**WHAT THE EXERCISE ASKS:**
Transcribe the whole listing below without changing a word, but leave out every image.

**SUPPLIED DATA:**
* * * * * * * * *

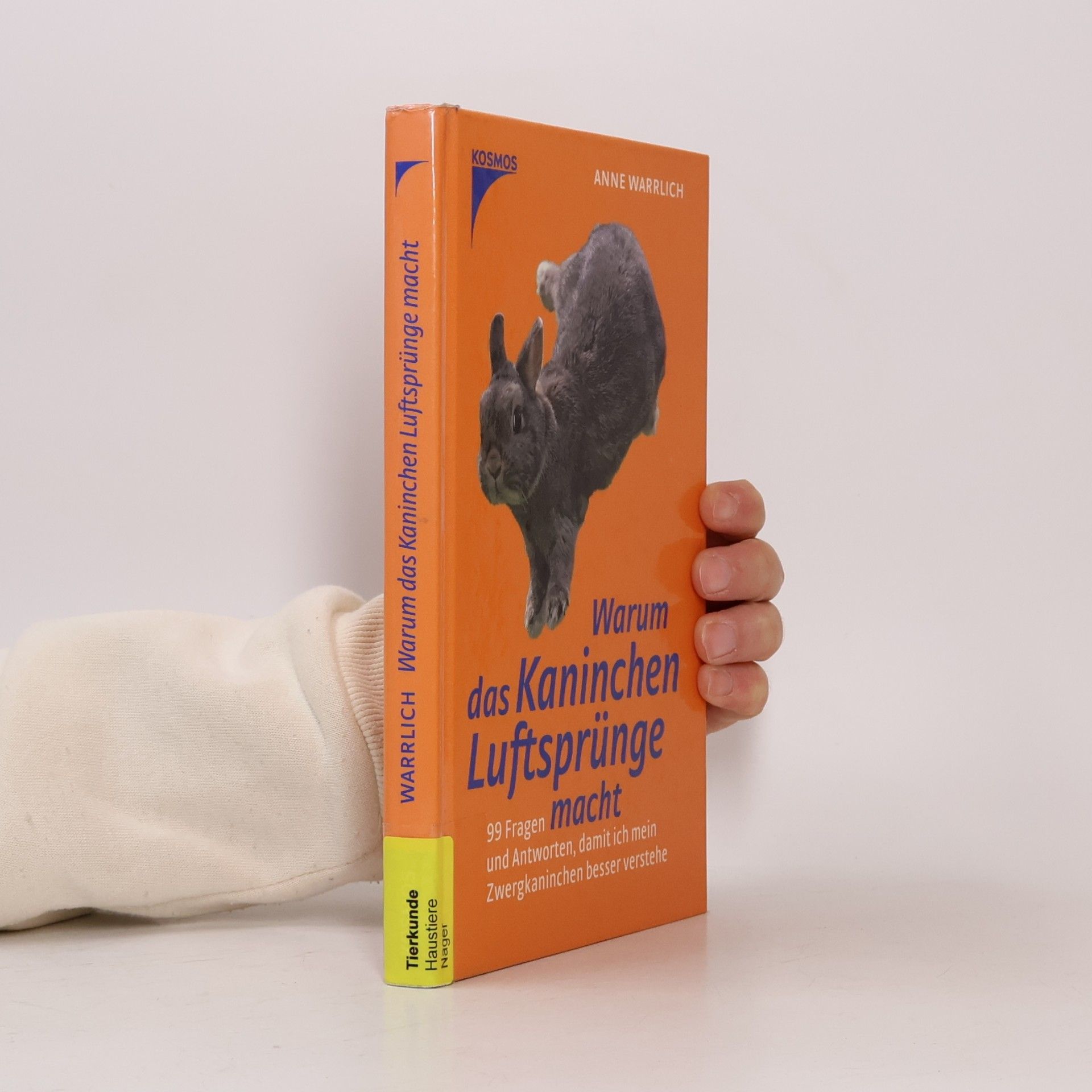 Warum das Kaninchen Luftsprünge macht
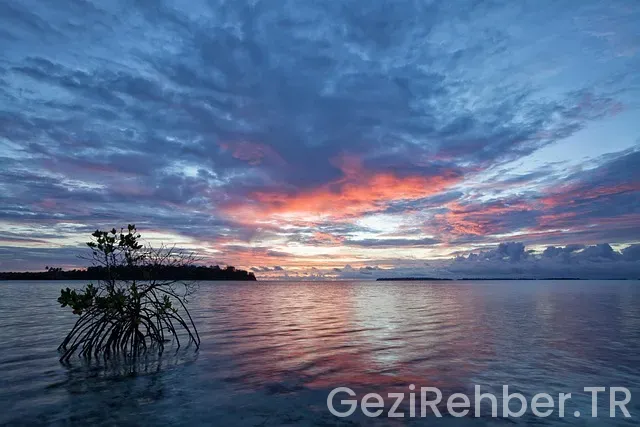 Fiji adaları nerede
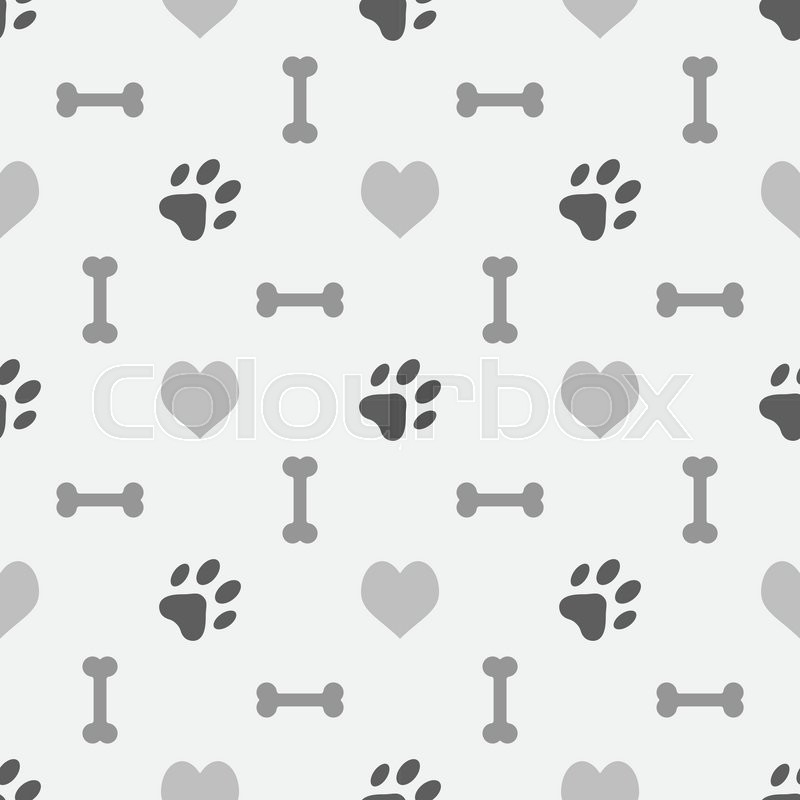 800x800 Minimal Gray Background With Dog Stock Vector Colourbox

* * * * * * * * *

**EXERCISE RESPONSE:**
 Warum das Kaninchen Luftsprünge macht
 Fiji adaları nerede
 800x800 Minimal Gray Background With Dog Stock Vector Colourbox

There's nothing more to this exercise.